TASK – First find the line with "Slide: The Image" in the entries below, then set down exactly every line through the line with "Half bath with", that line included.
*** Opening of RECORDS SHOWN ***
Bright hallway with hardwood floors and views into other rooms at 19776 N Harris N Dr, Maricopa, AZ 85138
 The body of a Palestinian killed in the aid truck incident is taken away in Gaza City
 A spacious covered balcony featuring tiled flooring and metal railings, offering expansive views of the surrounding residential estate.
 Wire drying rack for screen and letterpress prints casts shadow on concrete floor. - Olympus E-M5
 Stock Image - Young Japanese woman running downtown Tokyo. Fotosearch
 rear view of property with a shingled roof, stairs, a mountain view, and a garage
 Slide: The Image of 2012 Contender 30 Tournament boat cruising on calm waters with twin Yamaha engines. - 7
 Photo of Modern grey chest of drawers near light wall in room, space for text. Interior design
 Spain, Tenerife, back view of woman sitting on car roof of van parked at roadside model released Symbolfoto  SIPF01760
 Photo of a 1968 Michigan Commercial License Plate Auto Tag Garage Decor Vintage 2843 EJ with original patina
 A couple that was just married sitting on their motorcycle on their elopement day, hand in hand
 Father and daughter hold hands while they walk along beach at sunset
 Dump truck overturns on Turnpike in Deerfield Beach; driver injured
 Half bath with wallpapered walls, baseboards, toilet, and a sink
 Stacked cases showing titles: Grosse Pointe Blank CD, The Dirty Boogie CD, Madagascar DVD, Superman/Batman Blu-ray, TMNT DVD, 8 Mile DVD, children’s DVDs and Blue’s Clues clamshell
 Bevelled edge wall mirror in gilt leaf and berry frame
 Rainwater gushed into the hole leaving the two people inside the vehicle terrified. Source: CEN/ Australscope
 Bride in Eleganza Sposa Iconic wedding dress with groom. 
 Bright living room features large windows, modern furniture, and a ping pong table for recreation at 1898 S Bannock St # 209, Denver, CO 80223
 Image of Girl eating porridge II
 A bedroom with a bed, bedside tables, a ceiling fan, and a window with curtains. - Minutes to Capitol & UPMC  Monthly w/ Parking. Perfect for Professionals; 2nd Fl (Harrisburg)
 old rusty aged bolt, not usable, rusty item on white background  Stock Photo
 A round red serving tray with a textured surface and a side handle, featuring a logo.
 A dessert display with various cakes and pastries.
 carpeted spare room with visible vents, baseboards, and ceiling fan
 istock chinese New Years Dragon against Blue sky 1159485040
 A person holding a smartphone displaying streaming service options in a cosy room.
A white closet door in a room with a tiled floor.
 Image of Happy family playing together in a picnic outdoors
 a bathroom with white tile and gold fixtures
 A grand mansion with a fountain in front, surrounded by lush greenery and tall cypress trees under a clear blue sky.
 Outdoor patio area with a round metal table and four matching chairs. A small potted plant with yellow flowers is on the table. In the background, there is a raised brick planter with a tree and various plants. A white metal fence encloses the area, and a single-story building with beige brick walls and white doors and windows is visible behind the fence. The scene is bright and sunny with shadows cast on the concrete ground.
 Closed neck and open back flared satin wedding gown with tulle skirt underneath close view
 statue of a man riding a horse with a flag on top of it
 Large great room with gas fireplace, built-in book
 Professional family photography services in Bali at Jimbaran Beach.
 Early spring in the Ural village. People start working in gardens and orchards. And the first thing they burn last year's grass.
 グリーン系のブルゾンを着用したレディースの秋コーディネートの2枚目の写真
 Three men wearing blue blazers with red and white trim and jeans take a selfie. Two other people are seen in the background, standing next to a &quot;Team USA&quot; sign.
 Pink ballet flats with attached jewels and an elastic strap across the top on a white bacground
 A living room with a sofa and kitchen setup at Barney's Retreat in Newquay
*** Close of RECORDS SHOWN ***
RESPONSE TO THIS EXERCISE –
 Slide: The Image of 2012 Contender 30 Tournament boat cruising on calm waters with twin Yamaha engines. - 7
 Photo of Modern grey chest of drawers near light wall in room, space for text. Interior design
 Spain, Tenerife, back view of woman sitting on car roof of van parked at roadside model released Symbolfoto  SIPF01760
 Photo of a 1968 Michigan Commercial License Plate Auto Tag Garage Decor Vintage 2843 EJ with original patina
 A couple that was just married sitting on their motorcycle on their elopement day, hand in hand
 Father and daughter hold hands while they walk along beach at sunset
 Dump truck overturns on Turnpike in Deerfield Beach; driver injured
 Half bath with wallpapered walls, baseboards, toilet, and a sink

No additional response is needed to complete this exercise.